In 2000, together with Ingo Vetter, I travelled to Detroit for the first time. Commissioned by the Werleitz-Biennale "Real Work" (curator: Christiane Mennicke / Corinna Koch) we set out to document the ruins of industrialization. They were there, for sure, but what we didn't expect to find was a vibrant and diverse urban agriculture community. In the following years, we made numerous trips to Detroit, met artists and farmers and artist farmers, community organizers and dedicated high school teachers.
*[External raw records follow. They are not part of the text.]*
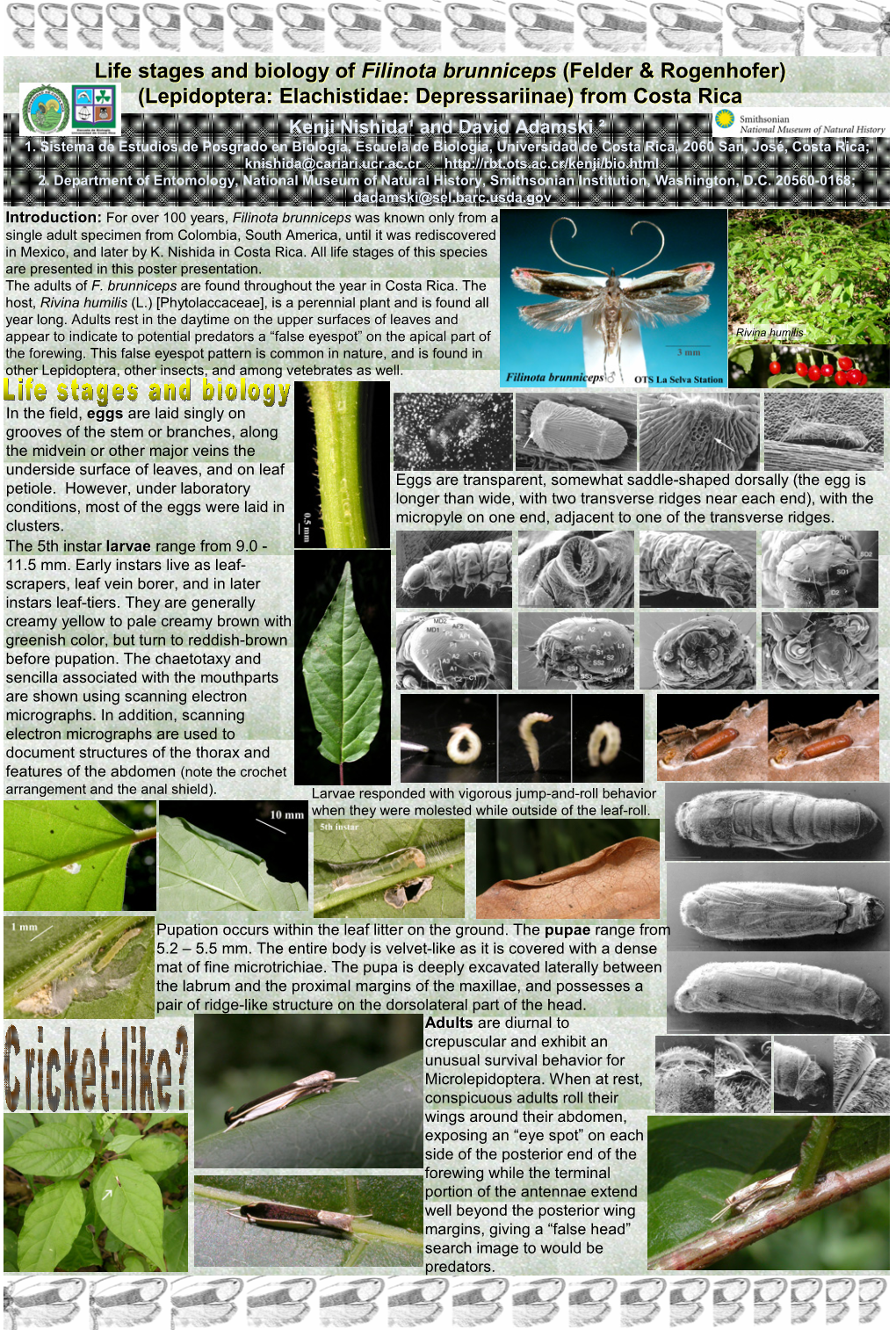 Lepidoptera: Elachistidae: Depressariinae) from Costa Rica Kenji Nishida¹ and David Adamski ² 1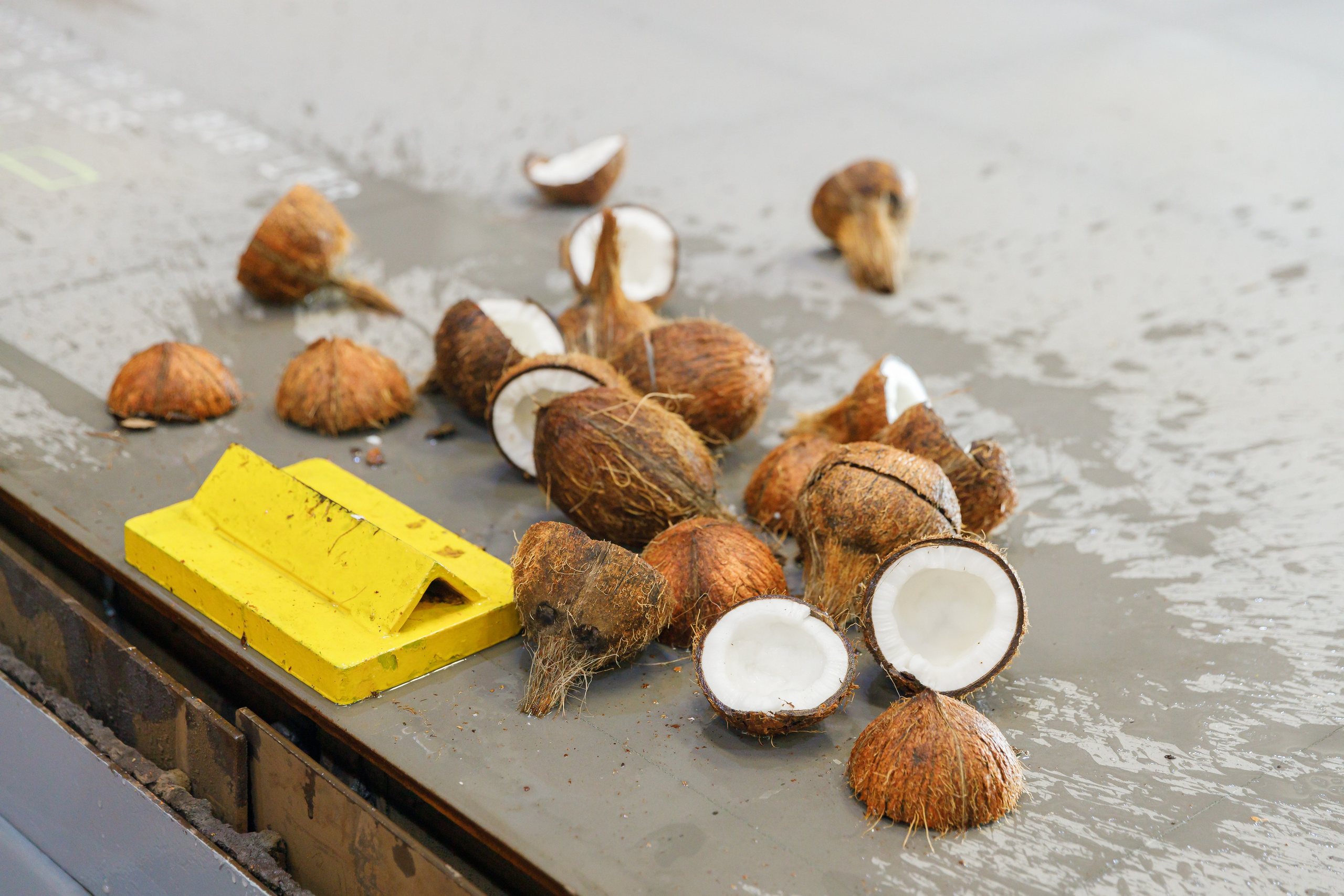 DAMEN opening ceremony. Photographer Anna Curly | Weddings and Events in Dubai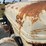 ford-8n-image-14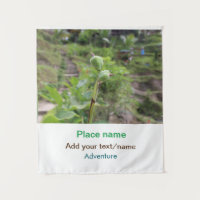 Nature plants photography beach water travel name
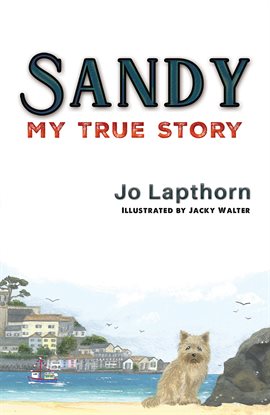 Cover image for Sandy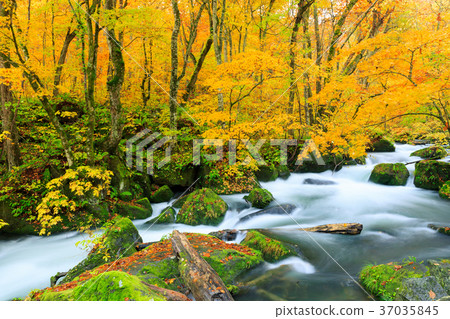 Flow of Oirase mountain stream _ Asura of autumnal leaves 37035845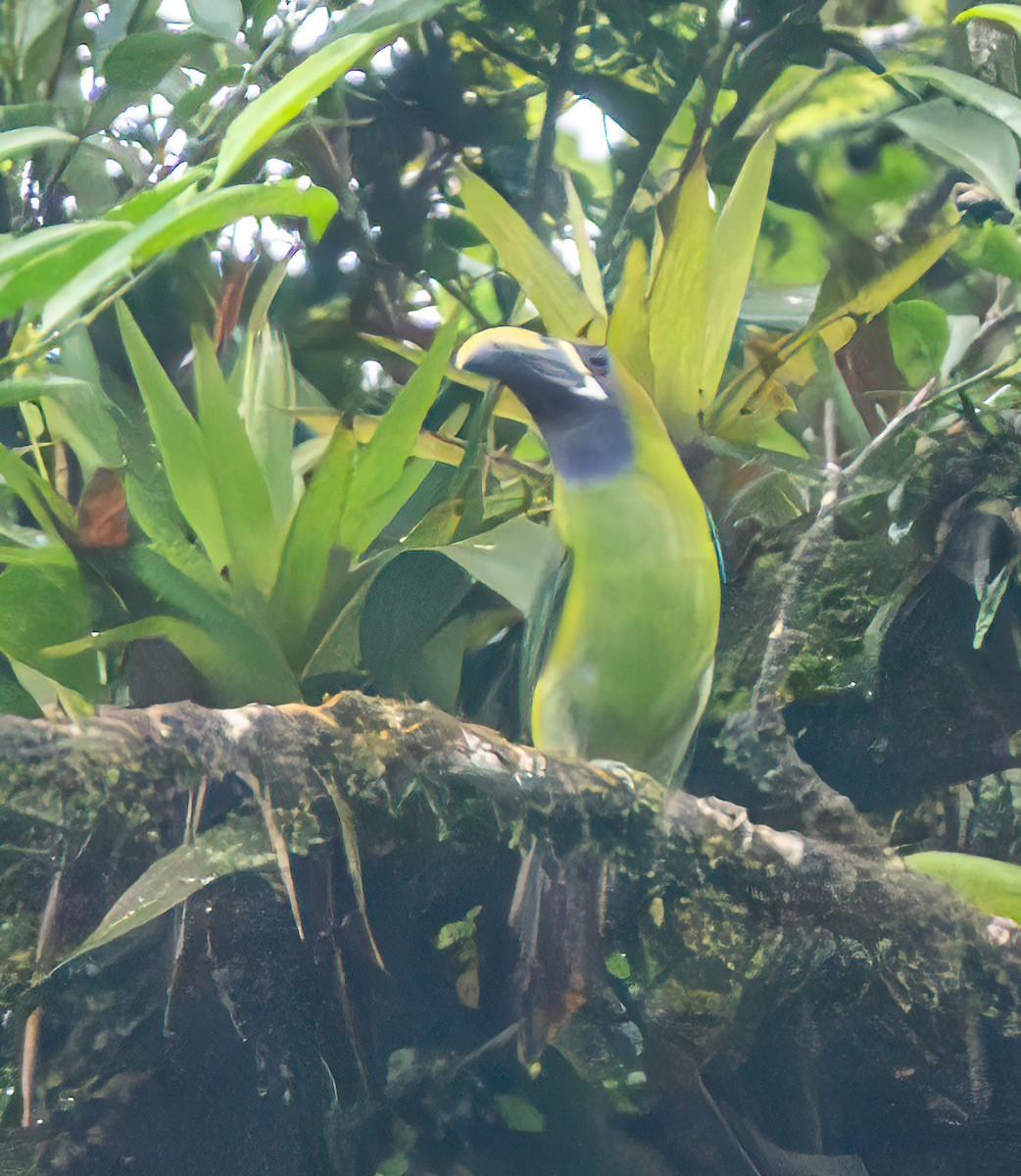 Northern Emerald-Toucanet - ML638822866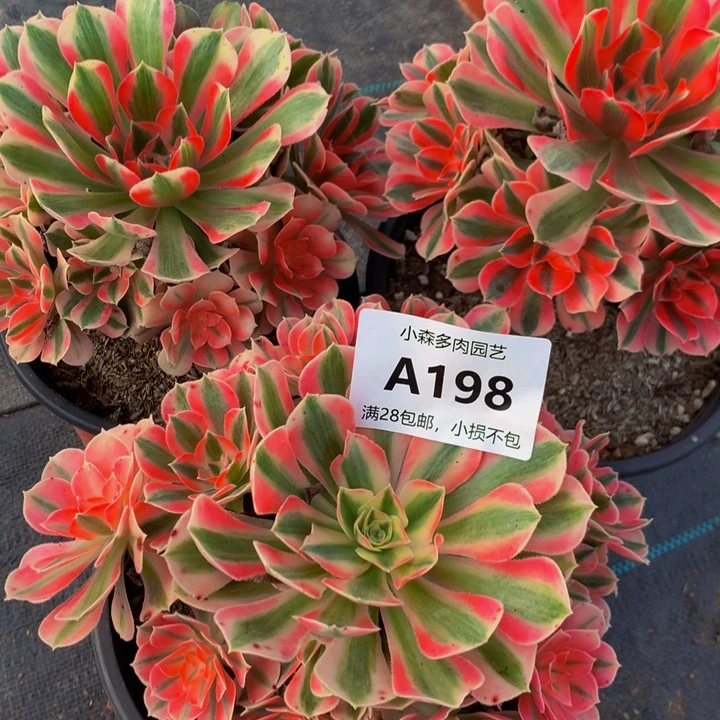 平***福198女巫不包生死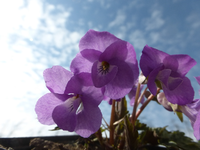 P1300408.webp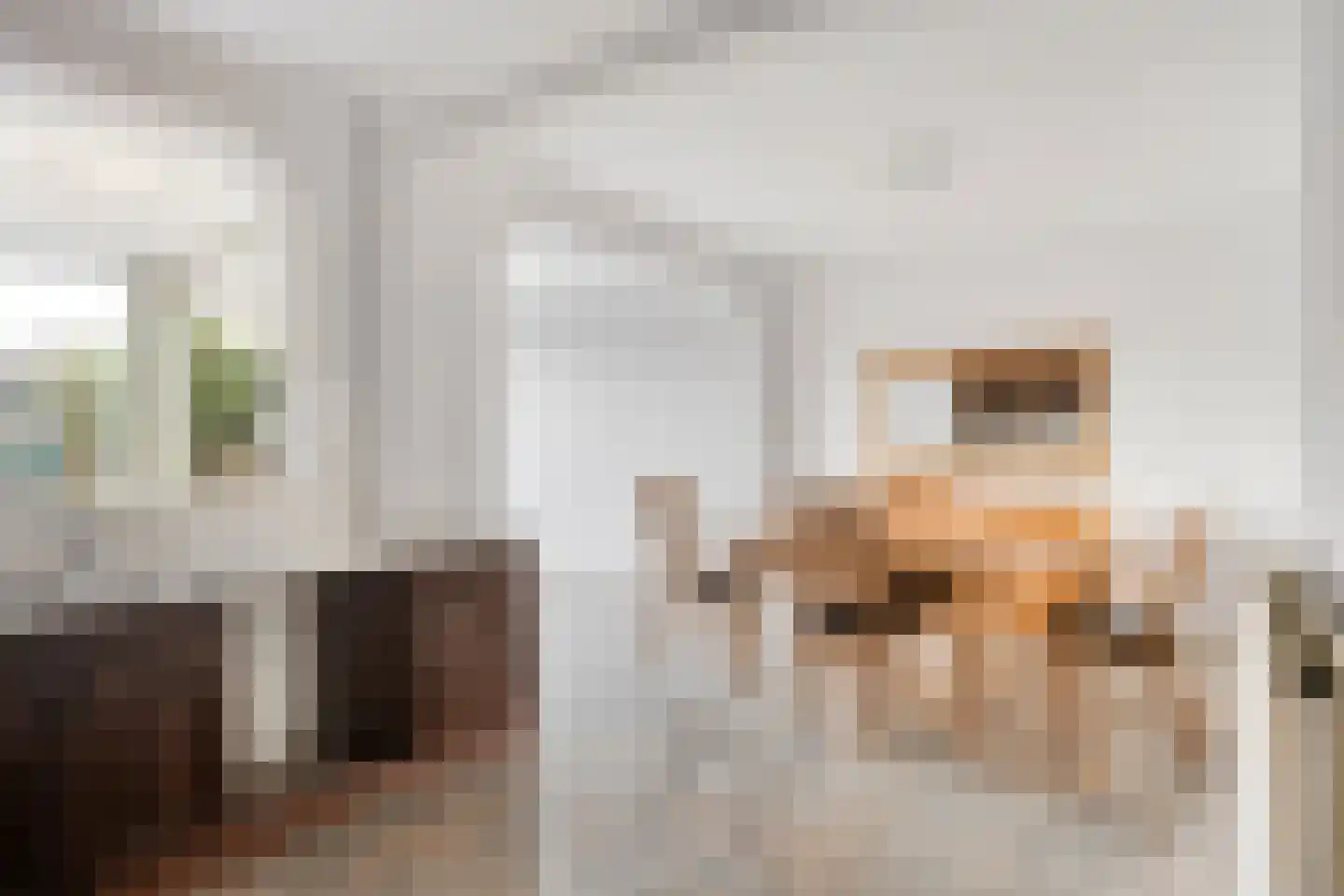 Pastoor Graatweg 39 Millingen aan de Rijn thumbnail 4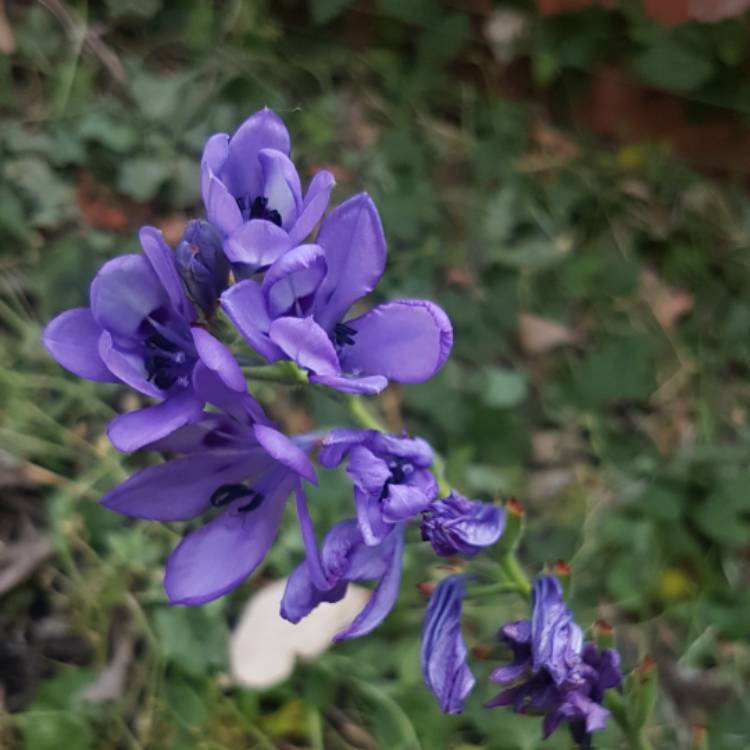 Plant image Babiana stricta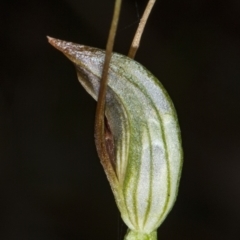 Pterostylis oblonga at Murramarang National Park - suppressed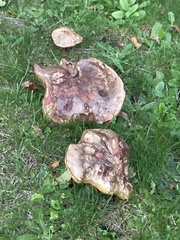 Leccinum scabrum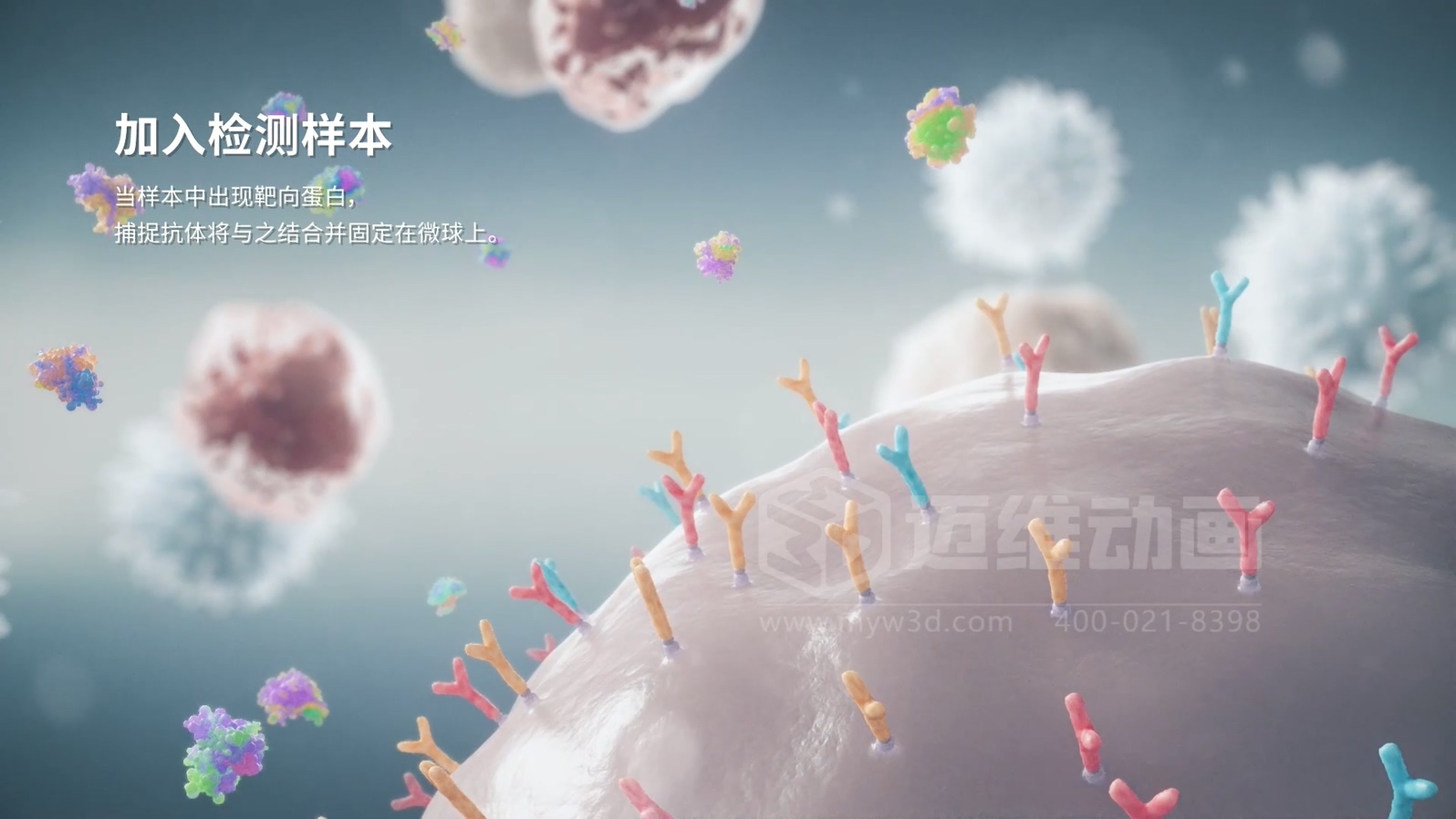 微觀世界竟能“動(dòng)”起來？生物科技三維動(dòng)畫帶你沉浸式探索生命奧秘(圖2)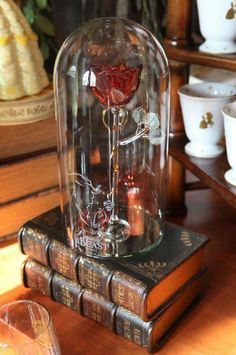 a wine glass sitting on top of an old book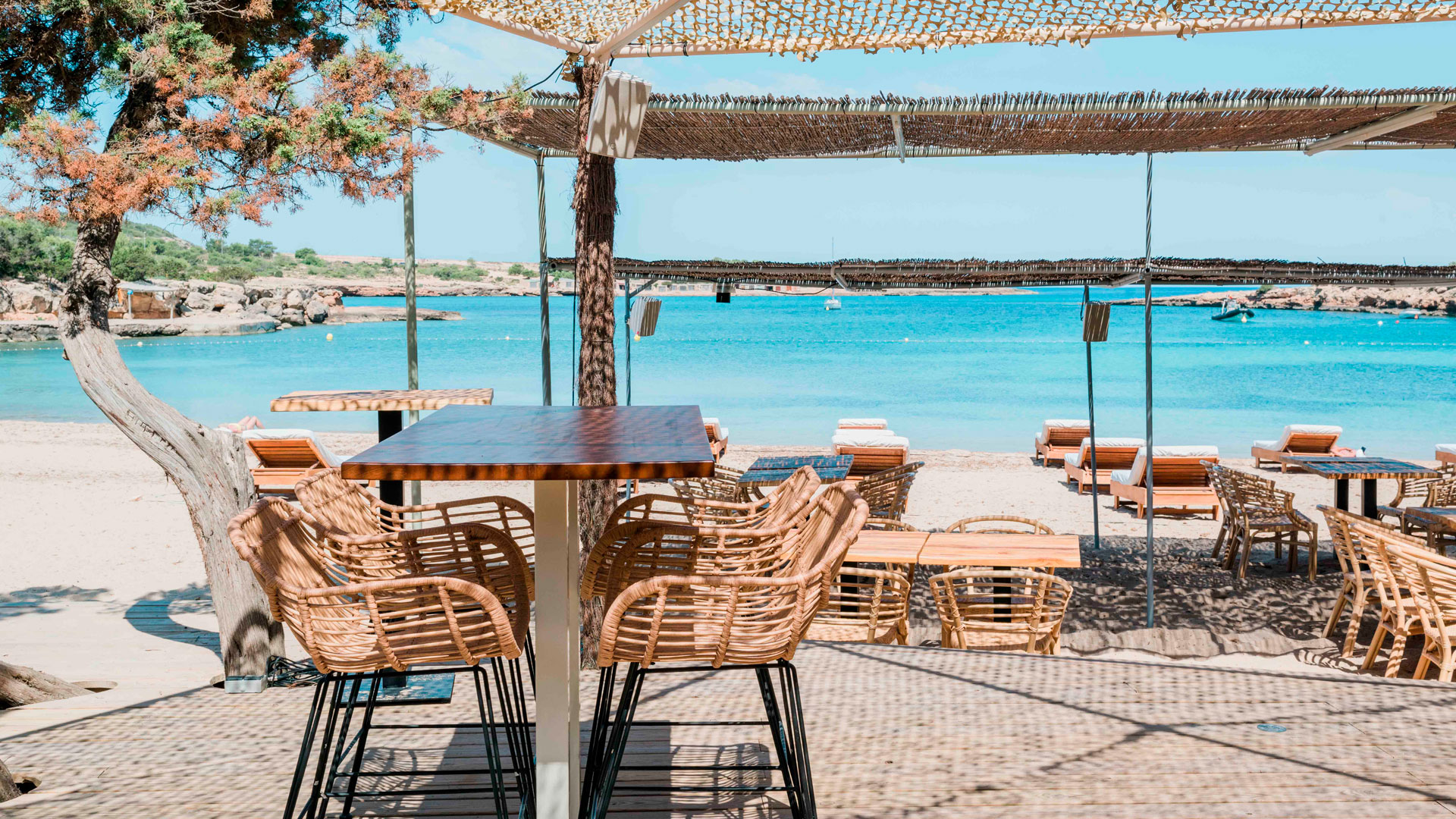 Imagen de Alma Beach en Ibiza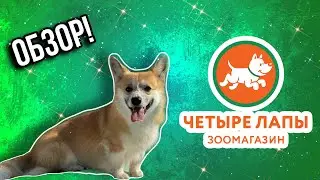 ОБЗОР НА ЗООМАГАЗИН 4 ЛАПЫ!🐾Лучший зоомагазин?🔥 Корги Рокки (говорящая собака)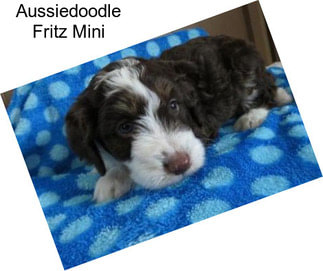 Aussiedoodle Fritz Mini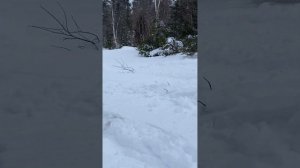 skandic swt 550 deep powder snow 2023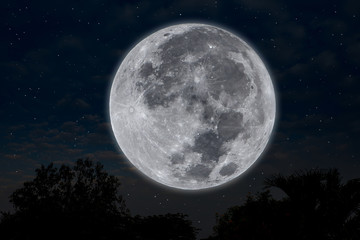 Fototapeta na wymiar Full moon on silhouette tree in the sky.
We documented their activities, conducted many interviews, we listened and learned.
I am Farming Humanity
Video, 16:40 Min., Color
English with German/French/Swedish subtitles
Interview with Lee Burns, urban farmer and co-founder of the "Detroit Agriculture Network."
In 2005 we founded, together with artist Mitchell Cope, the Detroit Tree of Heaven Woodshop. The tree of heaven (lat. ailanthus) aka "ghetto palm" is ubiquitous all over the abandoned lots and dilapidated factory sites. The tree originates from China and came with waves of Chinese migrant workers because of its use in Chinese traditional medicine. Other specimen were imported to the USA by botanists for parks and private gardens. As a typical neophyte, the tree of heaven soon left its confinements and rapidly spread all over the USA. The tree is highly resilient to unfavorable conditions, it tolerates contaminated soil and drought, and it spreads through seeds as well as off-shots. Once it has taken roots, it's almost impossible to get rid of. For all these qualities, we chose the tree of heaven as an icon for the resilience and the staying power of the people of Detroit. By trial and error, we learned how to cure the wood and to work with it. We collaborated with local experts—artists, sociologists, a bicycle-powered tree grooming business, a mobile sawmill, a small carpentry business —and harvested trees from abandoned sites or from people's front gardens.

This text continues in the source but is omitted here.